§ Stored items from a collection
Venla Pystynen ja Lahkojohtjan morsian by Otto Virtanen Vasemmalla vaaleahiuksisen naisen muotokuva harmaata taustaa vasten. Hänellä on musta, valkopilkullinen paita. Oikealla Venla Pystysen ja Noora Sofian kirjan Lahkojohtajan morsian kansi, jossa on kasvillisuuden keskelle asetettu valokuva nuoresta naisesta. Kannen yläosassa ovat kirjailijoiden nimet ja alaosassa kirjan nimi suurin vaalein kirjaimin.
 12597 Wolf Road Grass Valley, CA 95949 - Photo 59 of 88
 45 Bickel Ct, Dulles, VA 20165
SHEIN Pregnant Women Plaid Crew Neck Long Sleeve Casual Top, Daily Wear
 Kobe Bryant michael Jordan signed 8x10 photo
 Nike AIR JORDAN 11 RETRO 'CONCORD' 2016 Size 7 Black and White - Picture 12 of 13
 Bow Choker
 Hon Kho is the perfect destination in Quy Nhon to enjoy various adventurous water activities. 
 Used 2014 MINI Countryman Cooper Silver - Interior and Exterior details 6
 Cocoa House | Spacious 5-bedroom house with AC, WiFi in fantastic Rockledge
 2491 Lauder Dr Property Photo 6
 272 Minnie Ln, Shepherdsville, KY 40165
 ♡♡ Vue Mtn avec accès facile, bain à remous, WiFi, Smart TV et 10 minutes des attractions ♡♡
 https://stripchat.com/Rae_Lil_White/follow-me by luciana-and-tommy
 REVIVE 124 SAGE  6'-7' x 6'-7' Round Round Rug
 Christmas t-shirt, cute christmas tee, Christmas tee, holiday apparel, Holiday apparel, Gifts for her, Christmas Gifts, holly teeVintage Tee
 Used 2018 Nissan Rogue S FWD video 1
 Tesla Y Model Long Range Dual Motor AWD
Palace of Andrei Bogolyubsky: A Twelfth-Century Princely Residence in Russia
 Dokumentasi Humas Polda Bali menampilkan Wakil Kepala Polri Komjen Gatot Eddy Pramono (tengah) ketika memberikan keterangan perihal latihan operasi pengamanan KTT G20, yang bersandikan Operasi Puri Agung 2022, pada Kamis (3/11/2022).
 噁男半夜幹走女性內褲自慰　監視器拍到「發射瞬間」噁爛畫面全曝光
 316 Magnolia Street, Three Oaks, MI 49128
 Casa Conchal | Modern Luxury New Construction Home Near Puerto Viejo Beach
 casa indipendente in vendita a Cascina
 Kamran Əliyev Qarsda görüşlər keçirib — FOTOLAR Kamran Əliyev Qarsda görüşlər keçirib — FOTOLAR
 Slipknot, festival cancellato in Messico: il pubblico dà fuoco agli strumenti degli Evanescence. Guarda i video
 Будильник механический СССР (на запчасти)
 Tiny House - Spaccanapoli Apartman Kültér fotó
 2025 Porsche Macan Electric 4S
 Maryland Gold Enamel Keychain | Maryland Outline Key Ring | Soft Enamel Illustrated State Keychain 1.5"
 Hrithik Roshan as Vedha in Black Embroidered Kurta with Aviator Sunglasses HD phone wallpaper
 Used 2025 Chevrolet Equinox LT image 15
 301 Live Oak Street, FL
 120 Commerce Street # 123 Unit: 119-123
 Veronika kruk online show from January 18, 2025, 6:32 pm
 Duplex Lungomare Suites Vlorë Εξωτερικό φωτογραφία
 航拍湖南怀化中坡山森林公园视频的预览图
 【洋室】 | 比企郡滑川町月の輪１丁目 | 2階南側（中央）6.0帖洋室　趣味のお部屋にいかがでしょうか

§ Task statement
When you reach the line containing "Christmas t-shirt, cute" in the data above, start copying exactly, and stop after the line containing "Kamran Əliyev Qarsda görüşlər keçirib — FOTOLAR Kamran".

§ Solution to this problem
 Christmas t-shirt, cute christmas tee, Christmas tee, holiday apparel, Holiday apparel, Gifts for her, Christmas Gifts, holly teeVintage Tee
 Used 2018 Nissan Rogue S FWD video 1
 Tesla Y Model Long Range Dual Motor AWD
Palace of Andrei Bogolyubsky: A Twelfth-Century Princely Residence in Russia
 Dokumentasi Humas Polda Bali menampilkan Wakil Kepala Polri Komjen Gatot Eddy Pramono (tengah) ketika memberikan keterangan perihal latihan operasi pengamanan KTT G20, yang bersandikan Operasi Puri Agung 2022, pada Kamis (3/11/2022).
 噁男半夜幹走女性內褲自慰　監視器拍到「發射瞬間」噁爛畫面全曝光
 316 Magnolia Street, Three Oaks, MI 49128
 Casa Conchal | Modern Luxury New Construction Home Near Puerto Viejo Beach
 casa indipendente in vendita a Cascina
 Kamran Əliyev Qarsda görüşlər keçirib — FOTOLAR Kamran Əliyev Qarsda görüşlər keçirib — FOTOLAR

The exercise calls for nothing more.